The center’s leaders

The Center for Quantum Science and Engineering is headed by:

► Mark Gyure, executive director and adjunct professor of electrical and computer engineering at UCLA Samueli

► Kang Wang, director and distinguished professor of electrical and computer engineering and of materials science and engineering at UCLA Samueli

► Eric Hudson, co-director and professor of physics in the UCLA College

► Richard Ross, education director and director of the quantum science and technology master’s degree program in the UCLA Department of Physics and Astronomy

UCLA Samueli doctoral students performing quantum research employing photonic wave packets.
UCLA Samueli doctoral students performing quantum research employing photonic wave packets.

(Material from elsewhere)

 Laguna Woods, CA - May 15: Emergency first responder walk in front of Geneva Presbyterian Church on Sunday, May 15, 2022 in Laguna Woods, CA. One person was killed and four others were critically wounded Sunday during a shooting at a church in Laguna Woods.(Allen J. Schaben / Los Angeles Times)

UCLA: At the vanguard of quantum technology

In recent years, UCLA has emerged as a leader in quantum information science and technology, and government and industry funding has grown significantly. Among that support: The National Science Foundation awarded $25 million to UCLA and several other universities in 2020 to create the NSF Quantum Leap Challenge Institute for Present and Future Quantum Computation, which will be housed at the new research park. In 2021, the campus received a $3 million grant from the agency for fellowships to train doctoral students in quantum science and engineering, and UCLA has launched a first-of-its-kind master’s degree program designed to prepare students for careers in quantum technologies.

In 2022, the NSF funded UCLA’s new Center for Advanced Molecular Architectures for Quantum Information Science, which is working to develop scalable building blocks of quantum computers. Also in 2022, aerospace company Boeing pledged $5 million to support the work of faculty at the Center for Quantum Science and Engineering. And in 2023, UCLA received NSF funding for research on distributed quantum entanglement aimed at developing sensing technologies that can measure atmospheric and aerosol chemicals at previously impossible levels.

Mark Gyure, executive director of the Center for Quantum Science and Engineering, said the investments and the center’s relationships with Boeing and other industry partners would help establish UCLA, Los Angeles and the Southern California region as a major nexus for quantum science and technology.

With strong collaborations between faculty and quantum companies such HRL Laboratories already in place, the expansion to the new UCLA Research Park will only aid in the fulfillment of that promise.